Initially, these meetings may seem formal and stuffy, but the more you do them, the lighter and snappier they become, especially if you’re addressing issues as they arise. I don’t wait for one-on-ones to pull someone aside if there’s an issue with their work. The longer you let it go on, the harder it is to correct.
Instead, I like to use one-on-ones to nurture discussions in these areas:
Personal: How’s life outside work? Did you do anything fun recently?
Performance: What are you focusing on this week or month? What do they have difficulty or success with? Where is the opportunity to grow?
Support: How can I support you? Do I give you enough feedback? How can we improve the team culture?
Development: What are some of your long-term professional goals? How can I help further your career? What do you want to learn?
According to Forbes, 65% of employees would like more feedback than they currently get. Everyone wants to know their path forward, and holding these one-on-ones will help give your employees the information they need to grow.
You will also be able to prevent moments where staff members are tempted to quit. If an otherwise solid performer is going through a rough patch, send them encouragement instead of hounding them about numbers. At the end of the day, it’s just hair — it doesn’t come before their personal or mental health. They’ll never be as bought into your business as you are, and that’s okay. But you can connect with them on a deeper, more personal level where they can buy into your culture and appreciate your leadership. That is what will keep employees invested.
Communicate on their level
As the manager, you’re often looking at operations from a bird’s-eye perspective. On the other hand, your staff doesn’t think about success in terms of “increasing revenue” or “maximizing throughput.” They know that highlights take a certain amount of time out of their day, so express your goals in terms that resonate with them.
For example, talking about quotas with a stylist might go in one ear and right out the other. However, in your one-on-ones, you might have learned that she’s planning a trip to Cabo this summer and wants to make extra money to save up. You can craft goals around those desires to help her get the money she needs to go on a nice vacation. By proxy, you’re helping your business make money by increasing sales.
Don’t say, “Add $100 more in service revenue per week.” Instead, say, “book two more haircuts each week.” They’re the ones in the trenches, and they know what two haircuts look like in their booking schedule and in terms of dollars. Break metrics down into terms your staff can visualize.

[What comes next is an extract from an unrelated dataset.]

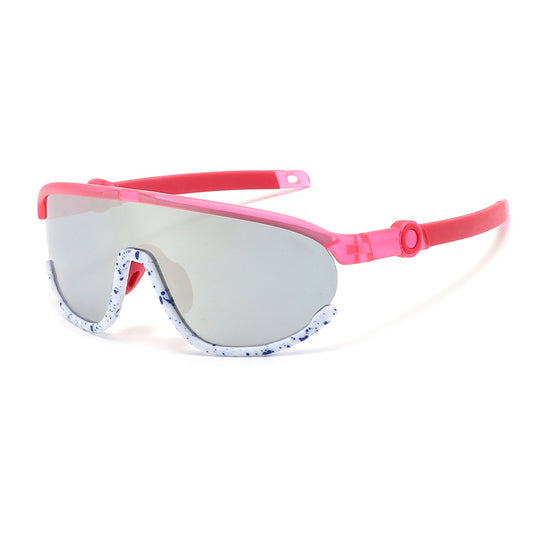 Children's Cycling Sports Sunglasses #Bamboo Kids - White Pink Silver Mirror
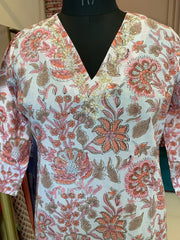 "Peachy Elegance" Hand Work Embellished Cotton kurta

Harness technology for your one-on-ones
There’s a lot of information to keep tabs on during the day-to-day operation of a salon — more than any one person can reasonably handle without some assistance. Now, you’re likely already keeping digital notes on client preferences to craft profiles to provide personalized services at scale. You should absolutely be doing the same for your staff.
Lean on technology to help you keep notes and track employee growth. Google Docs and Evernote are two free yet highly effective tools that will allow you to create living documents to keep a record of what gets discussed at each meeting and the actionable steps for improvement. When combined with your salon management software (which tracks the hard numbers your business generates), you’ll be able to look back on where your stylists were and directly compare it to where they are now.
Tech should form a core pillar of your business, helping to automate the menial tasks so you can focus on the big picture. Instead of managing your schedules by hand, implement self-booking solutions to speed up your intake process. Direct clients to contact forms and messaging services so you’re not answering personal DMs at 1:30 in the morning. Put tools in place so you can spend more time with the people who need you the most — your team.